Donnez sans attendre de contrepartie, si vous voulez habiter, dès maintenant, le Royaume de la vérité et de la justice. Celui qui donne dans la jubilation sera alors comme celui qui reçoit dans la joie. L’argent ne pose de problèmes que si son propriétaire le garde uniquement pour lui-même ou s’il pose des conditions à sa distribution.
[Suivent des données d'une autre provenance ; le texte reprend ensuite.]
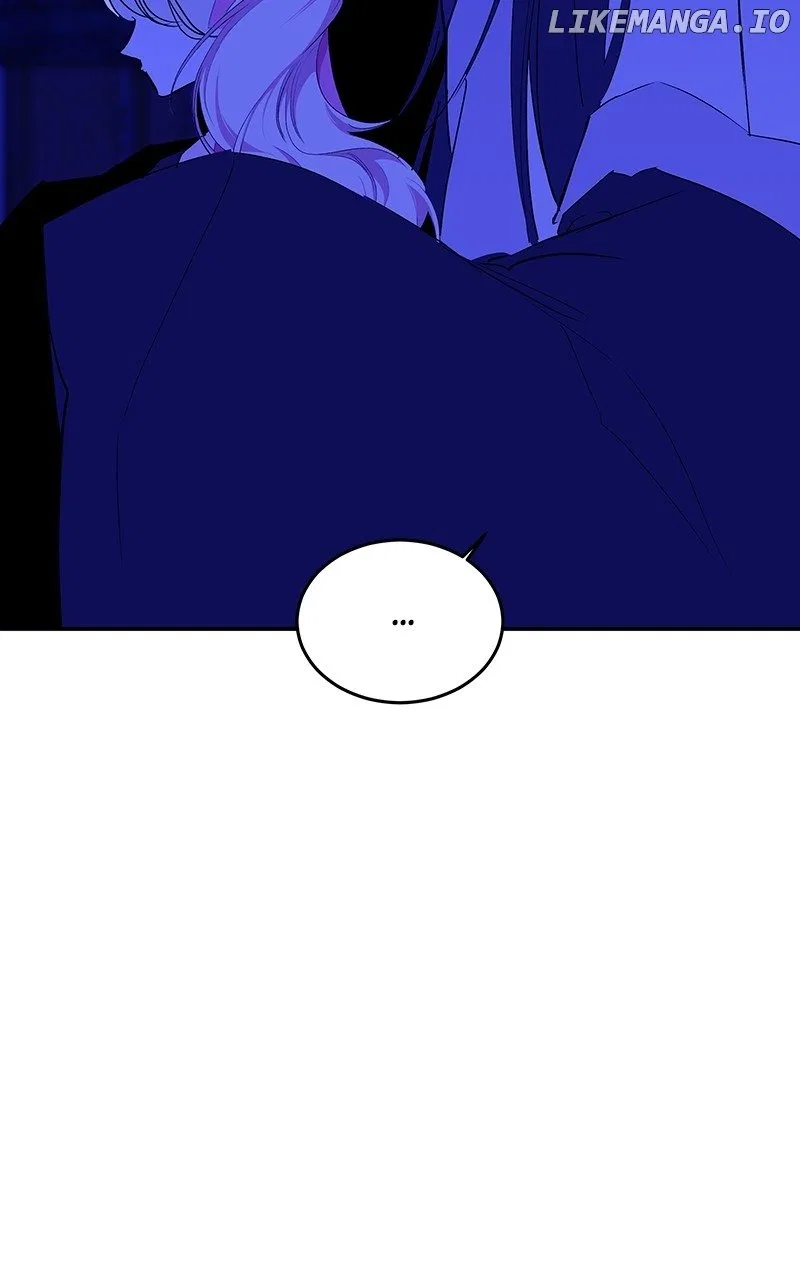 How a Goddess Wins Over Tigers Chapter 82 – Page 50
Il nous faut prendre tout le monde dans notre affection. Entrons tous ensemble, dès aujourd’hui, dans le Royaume de la joie. La joie n’est pas œuvre humaine. Elle est une grâce de Dieu. ONG, œuvrant au Liban, s’appelle ‘oasis de la joie’. Elle s’occupe des handicapés, indépendamment de leurs confessions. Pourquoi les riches ne se regrouperaient-ils pas dans une telle oasis, pour promouvoir le don gratuit, l’attention personnelle à ceux qui sont dans le besoin ou affectés d’un handicap? Quand est-ce que ces personnes seront perçues comme une couronne de gloire sur la tête des riches? Quand cesserons-nous de distinguer entre quartier de riches et quartier de pauvres, afin d’habiter tous le même quartier de Dieu, ou plutôt son ciel sur la terre, ce ciel qui nous est ouvert, dès maintenant, si nos âmes se remplissent de la présence de l’autre comme un reflet en nous de la présence de Dieu. Le Liban sera-t-il un jour une telle oasis de Dieu, où l’orgueil des uns et la détresse des autres seront dépassés? Dans une telle oasis, Dieu agira par les mains qui donnent et par celles qui reçoivent. Ces mains agiront ainsi en rendant grâce à Dieu et en le proclamant seul Seigneur et Maître. Celui qui aime se dépouille de la passion des ‘vains ornements, du jeu et des frivolités’, pour que seule la Face de Dieu, faite de grandeur et de vénération, prédomine sur l’arène des relations humaines.